Treasures in the West Berkshire Museum collection:

Samplers, with their embroidered rows of numbers and letters, were often seen as decoration in a Victorian home. By the 19th century, they were an educational tool for teaching girls needlework. Originally, they were a way of recording different stitches in the days before pen and paper were common, like a reference book, hence their name, explains museum volunteer ALISON TOPLIS.

THE West Berkshire Museum holds a collection of more than 20 various samplers worked by girls and women, mainly during the 19th century. These are decorative, many with typical horizontal bands within a stylised border, often in cross stitch.
One of the most pictorial in the museum collection was worked by Jean Elizabeth Walker in 1827, where she depicts Donnington Castle, along with a short history of its destruction during the English Civil War.

During the late 18th and early 19th centuries, there was a fashion for copying topographical prints in silk embroidery. A print of the entrance to Donnington Castle was published in 1816-18, seemingly the source of the sampler image worked up during the following decade.

Likewise, map samplers were also popular in the late 18th century, combining both a geography and sewing lesson. As represented in the museum collection, maps of English and Welsh counties were most common, this one worked by Mary Meacham in 1783. A typical sampler was worked by Ann Gundrill in 1845, when she was 11 years old. A colourful fruit tree or tree of life in the middle with a moral verse above, were placed within stylised borders. The moral verse, often a Biblical
quotation, became an integral part of Victorian sampler design. Often with a general exhortation to a live a virtuous, industrious and religious life, such verses could serve a particular purpose, as in the sampler by Alice Sheppard, finished in 1889. Her entire verse sampler is the poem The Fatal Glass, which seems to be inspired by the Temperance Movement. During the 1880s, this was a mass movement which called for abstinence from the consumption of alcohol, supported by organisations such as the Salvation Army and Methodism.

Samplers were important as they were exercises in the stitching that girls would need during their working lives – sewing dominated the school curriculum, taking up around half the day. Sewing numbers and letters was a particular skill required by many women for numbering and initialling items of clothing and household linen, especially when sent out for laundry. Many women ended up in service of some kind, where this was a required skill. Clothing and textiles were expensive and easily stolen so being able to mark items was a necessity.
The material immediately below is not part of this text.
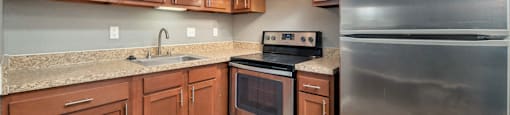 a kitchen with wood cabinets and stainless steel appliances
Two samplers in the collection are from Welford School – one from 1785 and one from 1853 – before the Victorian school was rebuilt in the village in 1857. They are both the first worked basic type of sampler, embroidered in simple stitches, usually cross stitch, in one colour, often red, as in the example from 1853. A girl would make a progression from this to something more elaborate between the ages of 10 and 14, before leaving school. Avis Fisher was nine when she finished her sampler in 1853. Perhaps she then moved on to working more interesting motifs in her next piece?

If not working in service, making clothing for other people in some capacity, often at home, was a common female occupation and ‘plain sewing’ samplers are also found in the collection. This was utilitarian rather than decorative sewing, as used, for example, to make clothing. Such samplers demonstrated techniques such as button holes and gathering, sometimes resulting in miniature versions of garments. Often mistaken for dolls clothes, these, along with the other samplers, show off the skills of 18th- and 19th-century girls and women otherwise long forgotten.